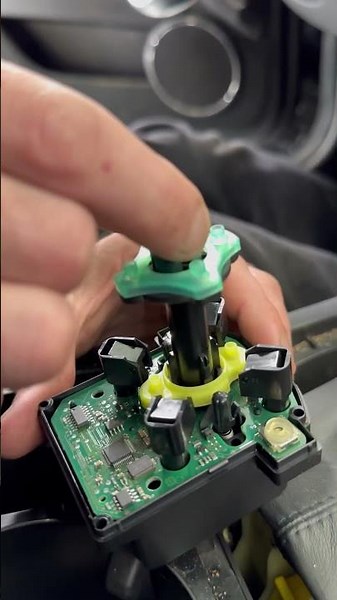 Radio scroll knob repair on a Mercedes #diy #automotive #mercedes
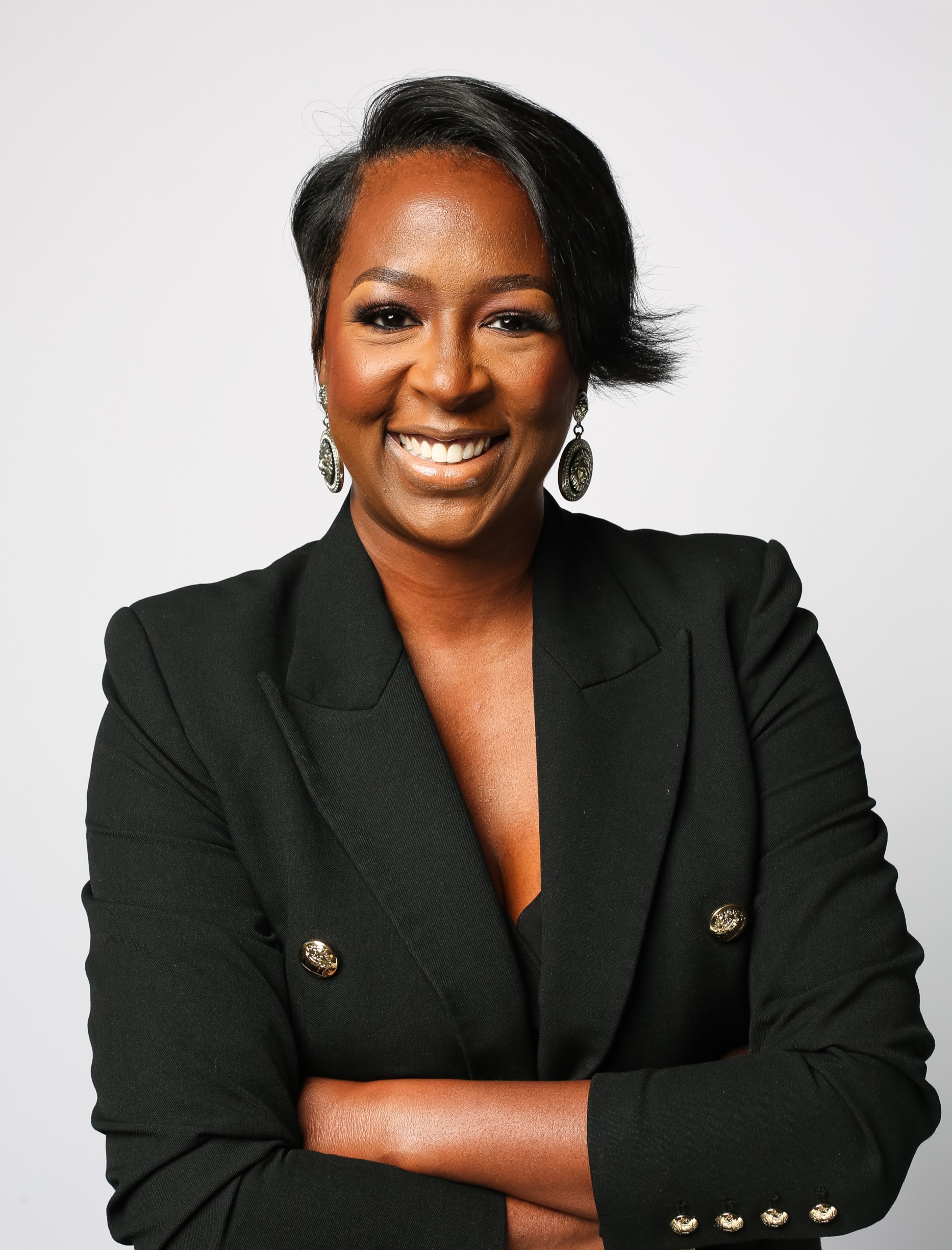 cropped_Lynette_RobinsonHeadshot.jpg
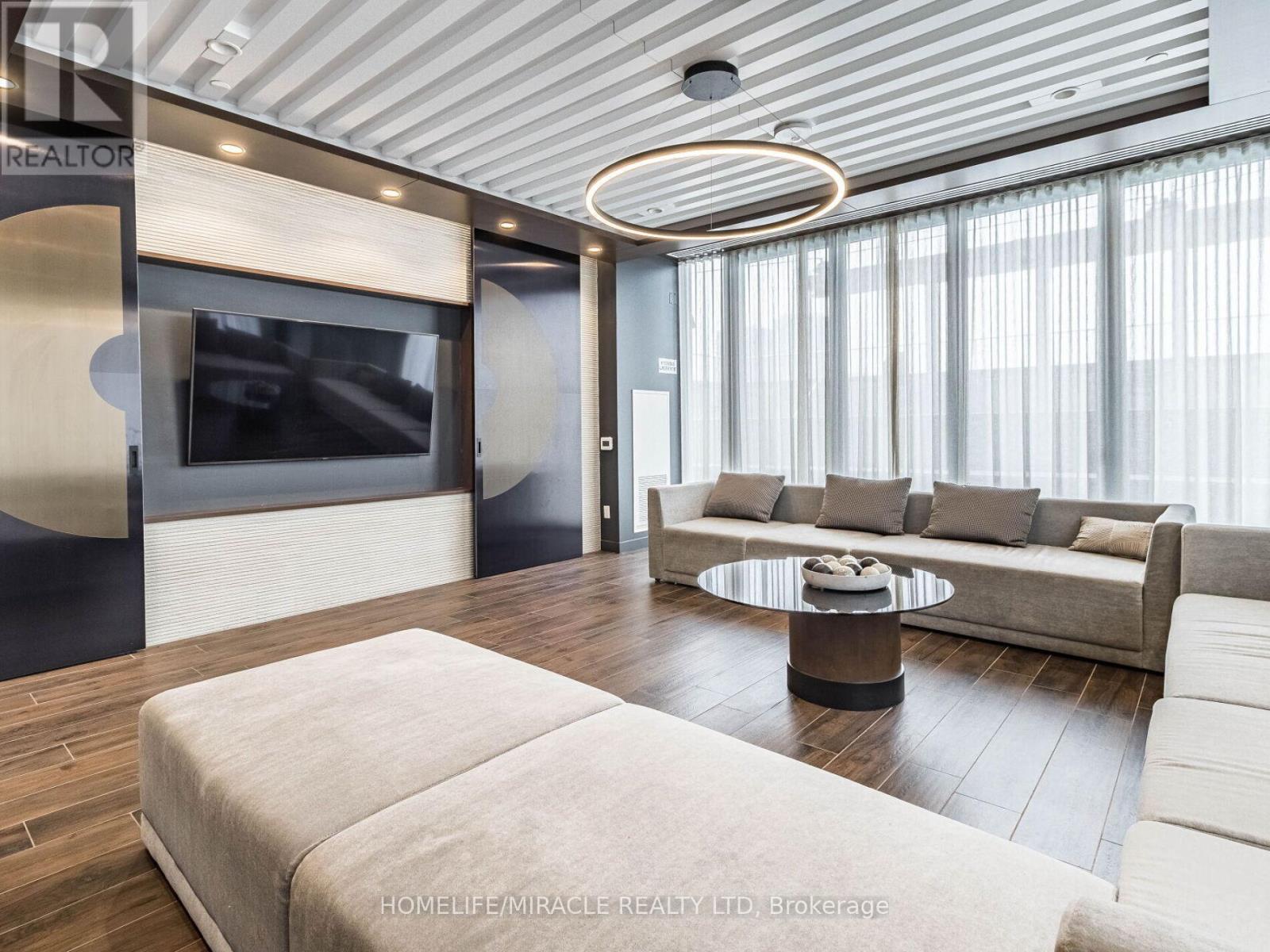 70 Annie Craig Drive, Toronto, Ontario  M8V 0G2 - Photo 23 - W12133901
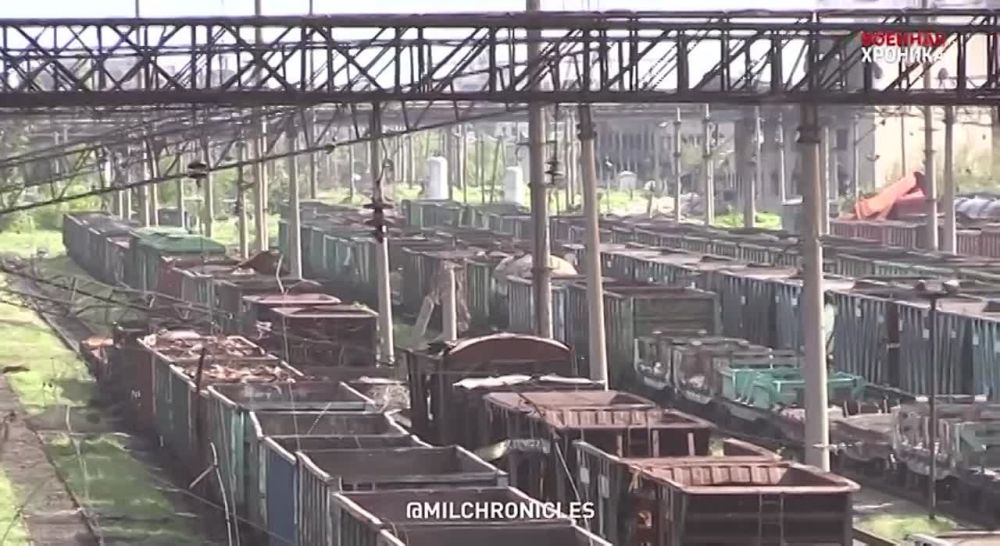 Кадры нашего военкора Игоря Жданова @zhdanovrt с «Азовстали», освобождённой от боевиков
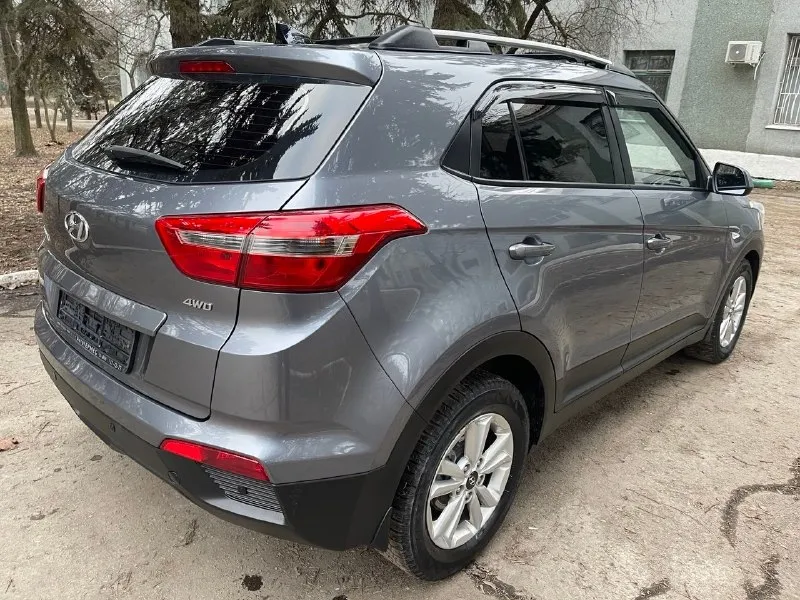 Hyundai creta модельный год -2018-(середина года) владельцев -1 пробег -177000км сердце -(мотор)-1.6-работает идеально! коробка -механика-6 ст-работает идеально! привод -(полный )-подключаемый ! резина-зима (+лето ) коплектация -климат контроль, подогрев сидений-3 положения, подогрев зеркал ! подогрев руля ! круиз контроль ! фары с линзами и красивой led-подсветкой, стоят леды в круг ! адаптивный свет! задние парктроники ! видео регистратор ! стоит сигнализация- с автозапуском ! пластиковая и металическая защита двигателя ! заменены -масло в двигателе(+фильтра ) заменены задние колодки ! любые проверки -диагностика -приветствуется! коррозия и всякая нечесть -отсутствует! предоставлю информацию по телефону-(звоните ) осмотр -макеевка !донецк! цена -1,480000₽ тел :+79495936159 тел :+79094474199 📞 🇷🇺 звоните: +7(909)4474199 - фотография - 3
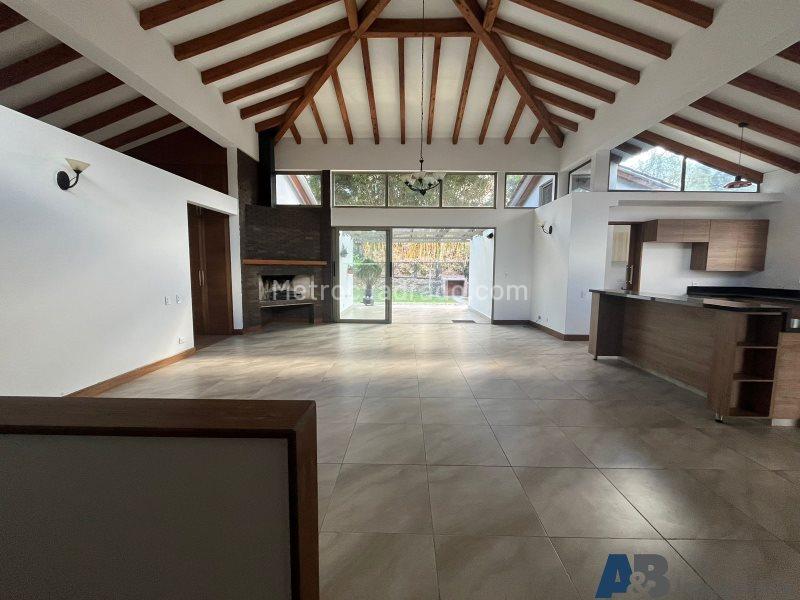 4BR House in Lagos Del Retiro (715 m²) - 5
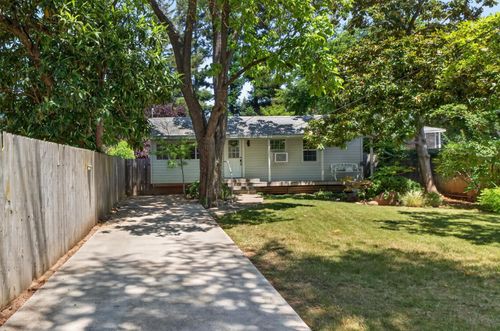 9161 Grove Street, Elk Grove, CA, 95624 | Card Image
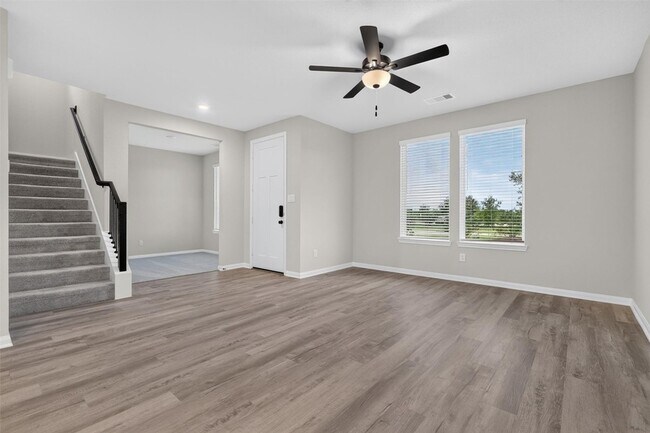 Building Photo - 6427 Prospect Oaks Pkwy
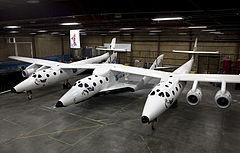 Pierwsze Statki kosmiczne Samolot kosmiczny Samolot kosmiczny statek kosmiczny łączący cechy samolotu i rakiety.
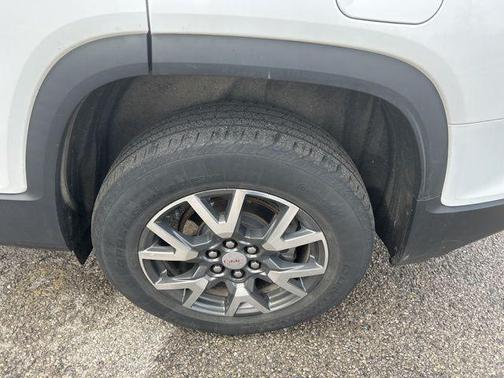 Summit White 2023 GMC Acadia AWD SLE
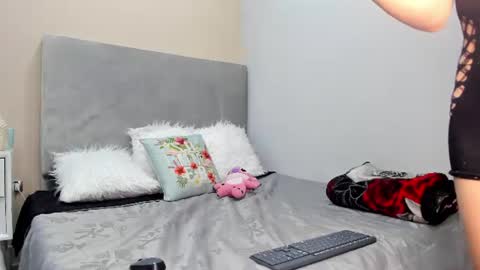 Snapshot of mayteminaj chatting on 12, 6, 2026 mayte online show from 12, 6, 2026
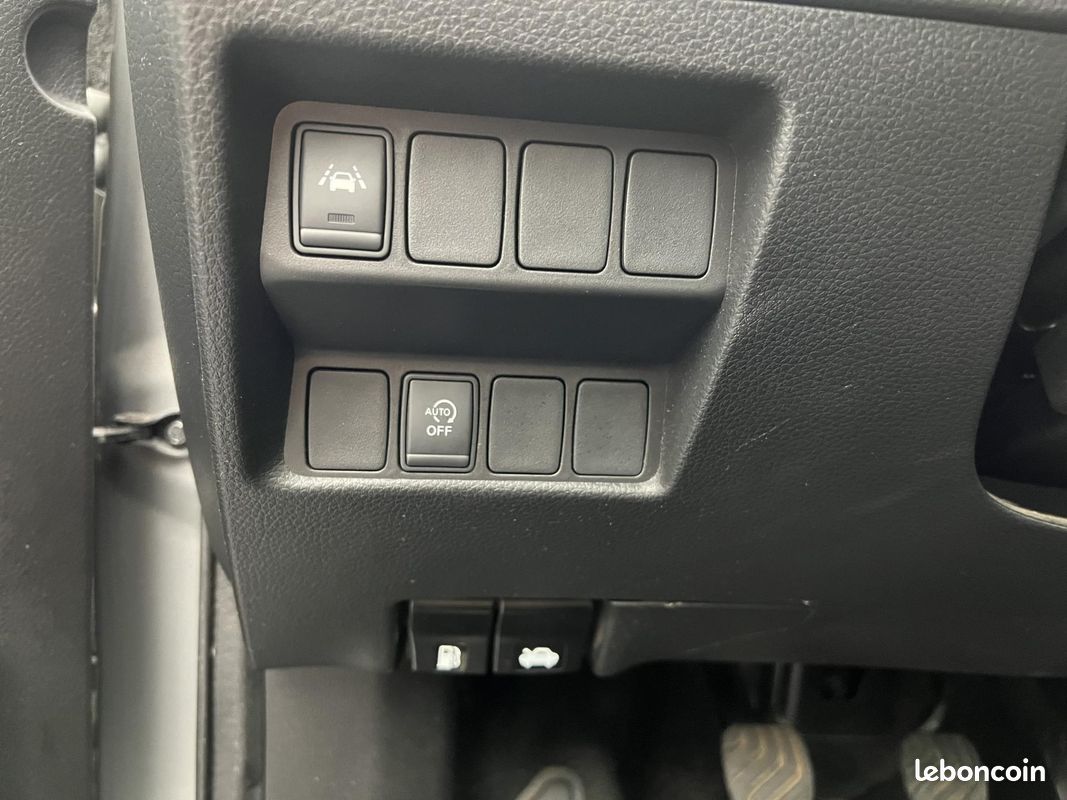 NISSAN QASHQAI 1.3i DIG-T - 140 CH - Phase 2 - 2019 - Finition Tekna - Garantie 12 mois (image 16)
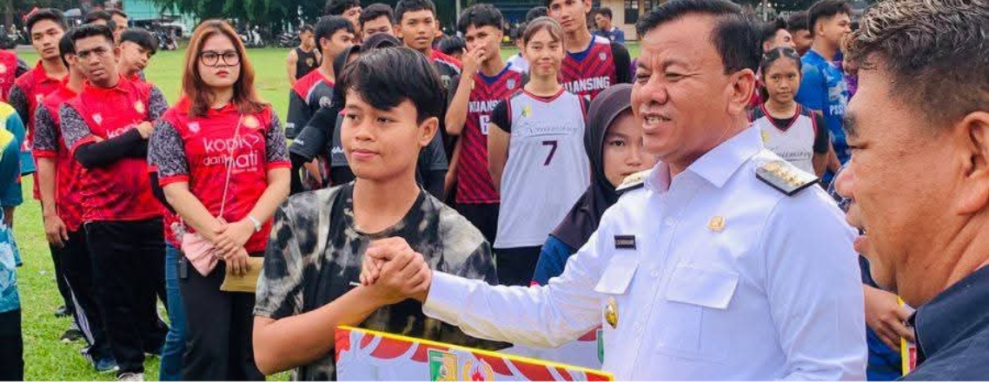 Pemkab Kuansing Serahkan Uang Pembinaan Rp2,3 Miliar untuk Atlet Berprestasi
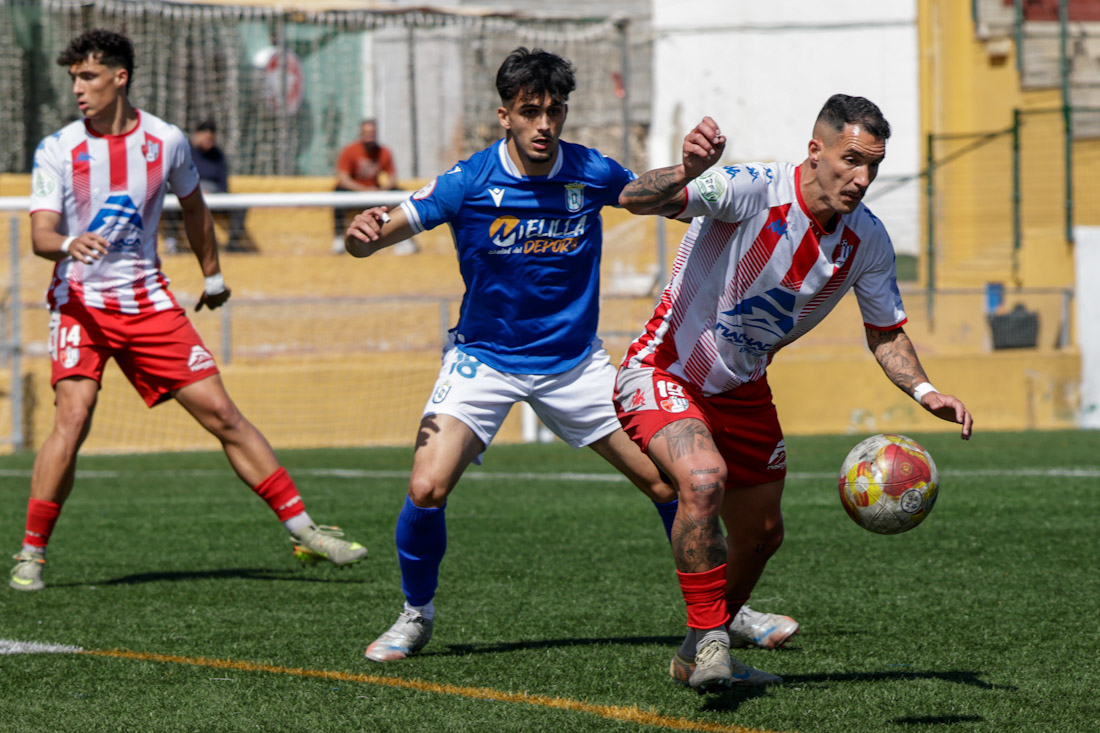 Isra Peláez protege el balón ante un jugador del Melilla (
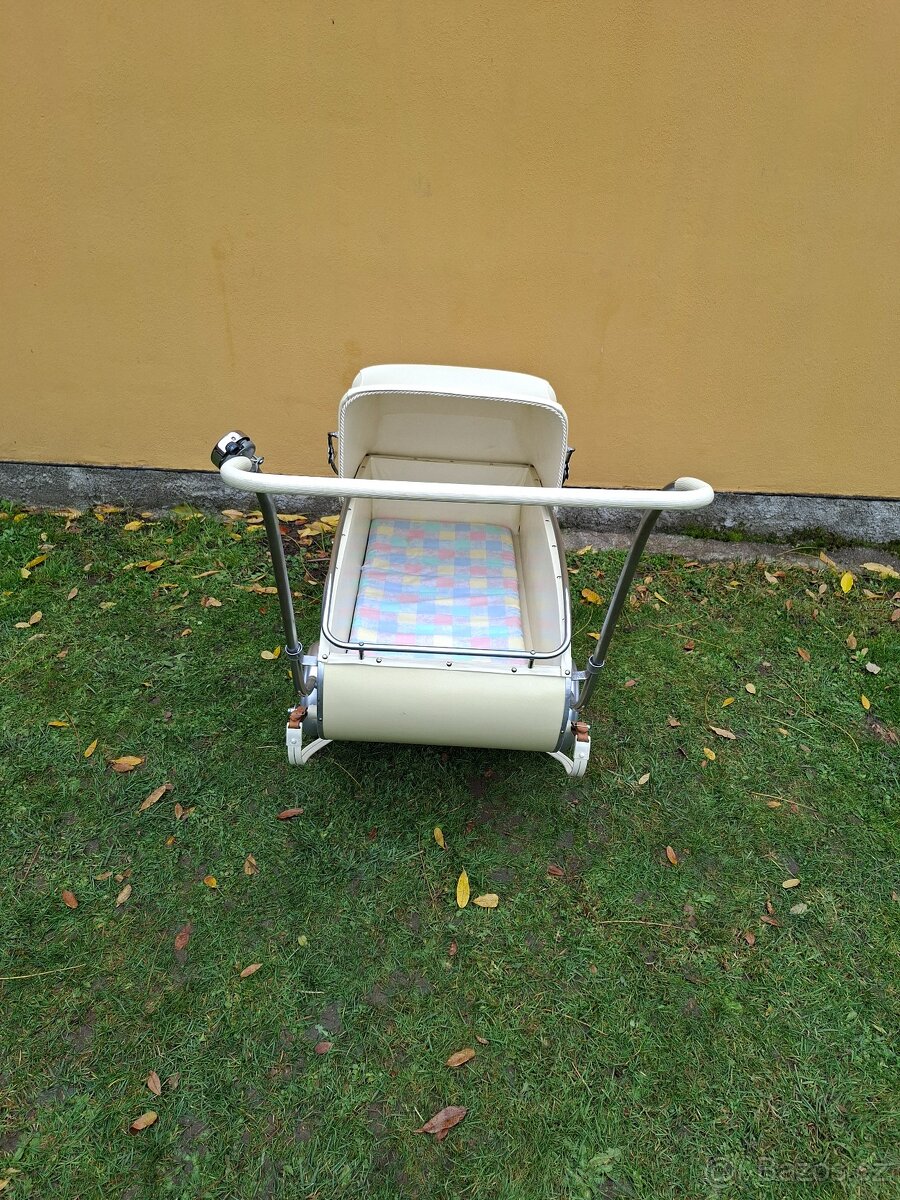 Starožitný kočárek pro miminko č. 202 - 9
• • •
DIRECTIONS FOR THIS TASK: Using the records above, return verbatim only the part that opens with the line containing "70 Annie Craig" and closes with the line containing "Кадры нашего военкора"; pictures stay out.

SOLUTION FOR THIS PROBLEM:
 70 Annie Craig Drive, Toronto, Ontario  M8V 0G2 - Photo 23 - W12133901
 Кадры нашего военкора Игоря Жданова @zhdanovrt с «Азовстали», освобождённой от боевиков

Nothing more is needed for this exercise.